Die Cheftrainer hatten es in der vergangenen Bundesliga-Saison nicht leicht. In der Liga glich der Posten eher einem Schleudersitz, selbst Erfolg rettete den Job manchmal nicht.
Als Manuel Baum am 29. Spieltag seinen Hut nehmen musste, staunte Fußballdeutschland nicht schlecht. Der Trainer genoss im Abstiegskampf kein Vertrauen mehr. Baum war zu diesem Zeitpunkt der sechste Trainer, der in der vergangenen Saison beurlaubt wurde. Sechs Wechsel nach 29 Spieltagen – das ist an sich nichts Ungewöhnliches. Dennoch stimmt die Entwicklung in der Bundesliga bedenklich. Denn auch nach der Saison wurde über Trainer diskutiert – und auch währenddessen über diejenigen, die Erfolg hatten. Der einstige Traumjob führt gleichzeitig ein wachsendes Berufsrisiko mit sich. Lutz Hangartner ist Präsident des Bundes Deutscher Fußball-Lehrer, er beobachtet die aktuellen Entwicklungen genau. Trainerentlassungen in der Endphase der Saison, wie in Augsburg, seien zwar ein gängiger Mechanismus im Abstiegskampf. Schließlich wollten die Vereine dokumentieren, alle Möglichkeiten ausgeschöpft zu haben. Der ehemalige Fußballdozent der Universität Freiburg registriert allerdings nun ganz neue Spielregeln. „Viele Vereine drehen zu schnell durch.
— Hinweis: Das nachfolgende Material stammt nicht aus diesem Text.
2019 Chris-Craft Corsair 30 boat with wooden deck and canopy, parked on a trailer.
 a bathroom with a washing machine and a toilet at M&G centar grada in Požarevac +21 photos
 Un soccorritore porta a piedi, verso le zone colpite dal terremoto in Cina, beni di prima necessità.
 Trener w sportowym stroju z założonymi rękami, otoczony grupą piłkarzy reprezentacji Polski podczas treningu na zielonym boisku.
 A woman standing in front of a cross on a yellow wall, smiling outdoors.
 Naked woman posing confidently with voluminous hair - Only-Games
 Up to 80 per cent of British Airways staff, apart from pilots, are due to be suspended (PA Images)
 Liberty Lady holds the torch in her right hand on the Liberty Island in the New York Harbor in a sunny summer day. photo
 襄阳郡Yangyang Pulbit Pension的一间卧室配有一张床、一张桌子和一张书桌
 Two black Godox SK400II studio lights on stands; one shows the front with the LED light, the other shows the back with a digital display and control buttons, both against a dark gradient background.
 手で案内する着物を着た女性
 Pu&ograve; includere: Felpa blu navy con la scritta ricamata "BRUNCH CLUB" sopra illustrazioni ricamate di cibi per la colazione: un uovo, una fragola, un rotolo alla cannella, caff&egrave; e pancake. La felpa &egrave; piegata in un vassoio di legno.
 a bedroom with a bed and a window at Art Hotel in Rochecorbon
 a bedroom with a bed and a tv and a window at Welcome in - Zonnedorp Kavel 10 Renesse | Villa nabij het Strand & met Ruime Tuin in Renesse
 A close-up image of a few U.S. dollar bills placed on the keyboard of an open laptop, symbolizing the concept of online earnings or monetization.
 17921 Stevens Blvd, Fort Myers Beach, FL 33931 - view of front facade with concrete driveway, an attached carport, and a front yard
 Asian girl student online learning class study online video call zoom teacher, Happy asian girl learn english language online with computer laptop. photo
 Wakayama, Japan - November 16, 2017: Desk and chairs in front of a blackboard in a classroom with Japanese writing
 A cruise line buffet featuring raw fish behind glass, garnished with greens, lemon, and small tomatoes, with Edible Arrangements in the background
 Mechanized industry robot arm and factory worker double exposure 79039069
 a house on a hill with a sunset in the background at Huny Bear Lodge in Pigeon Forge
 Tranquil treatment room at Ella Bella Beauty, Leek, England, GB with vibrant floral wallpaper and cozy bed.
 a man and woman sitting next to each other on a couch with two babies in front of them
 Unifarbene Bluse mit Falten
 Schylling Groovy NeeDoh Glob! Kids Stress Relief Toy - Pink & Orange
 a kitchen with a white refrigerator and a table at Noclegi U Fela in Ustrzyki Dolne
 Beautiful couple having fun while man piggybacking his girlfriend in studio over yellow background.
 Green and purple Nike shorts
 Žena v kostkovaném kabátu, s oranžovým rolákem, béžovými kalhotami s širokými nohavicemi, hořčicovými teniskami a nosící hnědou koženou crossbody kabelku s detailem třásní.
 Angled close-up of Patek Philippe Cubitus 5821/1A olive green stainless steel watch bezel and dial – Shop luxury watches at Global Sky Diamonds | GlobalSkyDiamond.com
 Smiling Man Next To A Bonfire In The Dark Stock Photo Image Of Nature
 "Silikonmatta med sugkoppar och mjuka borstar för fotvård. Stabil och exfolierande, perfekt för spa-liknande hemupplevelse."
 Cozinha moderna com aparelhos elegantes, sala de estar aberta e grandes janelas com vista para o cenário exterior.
Besonders in den ersten Wochen einer Saison fordere ich mehr Geduld", sagte Hangartner gegenüber der „Welt am Sonntag". Die Schwaben beurlaubten nach sieben Spieltagen ihren Trainer Tayfun Korkut, obwohl dieser in der vergangenen Saison einen herausragenden Job gemacht hat. Sein Nachfolger Markus Weinzierl lieferte nur wenige Argumente, dass diese Entscheidung die Richtige gewesen sei. Er musste selbst kurz vor Saisonende gehen, der VfB stieg dann mit dem dritten Trainer der Saison, Markus Willig, über die Relegation ab.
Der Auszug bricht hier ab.